This was published 1 year ago
Session musicians are caught in a ‘broken system’. It affects Ed Sheeran too
By Linda Morris
Drummer and music director Peter Luscombe may not be a household name, but his music is familiar to generations of fans.
He’s played on more than 147 albums, is a member of Paul Kelly’s backing band, and has a couple of ARIAs to his name.
In 45 years, he has never received a cheque for the broadcast of music recordings he has been a part of and fears he will need to “work until I drop”.
Session musicians like Luscombe are bringing their long-running campaign for legal recognition of their copyright to the fringes of the Labor conference in Brisbane on Thursday, where they are lobbying for the party to back changes which would help the next generation of musicians make a living wage.
While US actors are picketing Hollywood studios to be properly remunerated by streaming services and for reruns, Luscombe and his colleagues are seeking income from the broadcast of recorded music played in shops, gyms, on radio, television, and nightclubs.
A songwriter is paid every time their music is played on radio and the record label and the featured artist gets paid too, capped at 1 per cent of the commercial radio sector’s revenue.
But session artists – featured or backing musicians and vocalists – are left in the cold by a “broken system” that does not acknowledge their contributions, according to Susan Cotchin, an expert in the complex field of neighbouring rights.
These are the rights that apply to the audible performance on a sound recording, and they ‘neighbour’ the composition copyright of a work. The income from public performance is shared between performers and the label.
The record industry took its case for the removal of a cap on payments to federal parliament last week and a private member’s bill by ACT senator David Pocock has been referred to a Senate committee. But session musicians have long been cut out from such payments.
Dr Rod Davies, a lecturer in popular music and songwriting at Monash University and a session musician, says Australian session musicians have had no economic claim to their recorded performances beyond a basic session fee that, in real terms, has been going backward for decades.
“As a session musician, you bring experience, you bring expertise and creativity, you are bringing someone’s dream to fruition which they may have difficulty articulating,” Luscombe says.
“But it means as a hired musician you are living hand to mouth, and you are relying on being paid for the work you do, and when that’s done, that’s it.”
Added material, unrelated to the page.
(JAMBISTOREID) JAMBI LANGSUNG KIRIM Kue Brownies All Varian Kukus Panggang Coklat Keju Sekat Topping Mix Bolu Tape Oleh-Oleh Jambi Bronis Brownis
Paul Davies, campaigns director for the Media and Entertainment Arts Alliance, says Australian musicians had been denied rolling payments available to musicians in dozens of countries including in the UK, Europe and many US states.
He is calling for amendments to the antiquated Copyright Act to include recognition and a formula for distribution.
“In Australia, actors get residuals, but musicians get nothing,” he says. “They get none of the income that flows from the records they make when these records are broadcast, unless they happen to be among the very, very few artists signed to record labels.
“To further complicate this issue, Australian performers are blocked from these residuals by many countries, the UK being the most notable, as there is no reciprocal arrangement.
“The rest of the world woke up to this inequity a long time ago and fixed it. Musicians need it to be fixed here.”
Cotchin has acted for the likes of Fatboy Slim, Rihanna, John Farnham and Radiohead as chief executive of Good Neighbour Rights, a company affiliated with the late Michael Gudinski’s Mushroom Group.
She says she knows of instances where non-featured performers or session musicians have earned $300 for playing on records played multiple times a day on radio. The one-off fee was inadequate compensation for their contribution to a creative product and denied them a decent living.
What’s more, all Australian artists – from Tones and I to the Kid Laroi, even AC/DC and INXS – don’t get a cent from the plays of their recorded music in the UK, unless they’ve struck a deal with a major label, Cotchin says. It’s the same situation for Ed Sheeran who doesn’t directly benefit from the plays of his music in Australia.
That issue goes back to the failure of previous federal governments to ratify a provision of a treaty of the World Intellectual Property Organisation which provided “equitable remuneration” to both featured and non-featured performers for the commercial exploitation of their recorded performances, Rod Davies says.
Britain was one of a number of territories that took a stand and decided not to pay Australian artists in protest of Australia’s decision to limit equitable remuneration of overseas performers, he says. Australian artists with international appeal now frequently choose to record outside Australia.
Luscombe says the introduction of copyright payments would amount to “a small amount of money paid by a lot of people that makes a huge difference”.
If not for the support of Paul Kelly, it would have been a lot more difficult to sustain a life within the industry, he says, but the nation should not rely on the goodwill of individual artists to sustain hired musicians through downturns.
The copyright question could be considered as part of the Senate committee’s look at Pocock’s private member’s bill or as part of the remit of the new body, Music Australia.
On the private member’s bill, a spokesperson for the federal Attorney-General, Mark Dreyfus, said the government would carefully consider the recommendations of the Senate inquiry and would work to “develop an understanding of the likely impacts on regional and remote radio broadcasters and the ABC” before finalising any decision.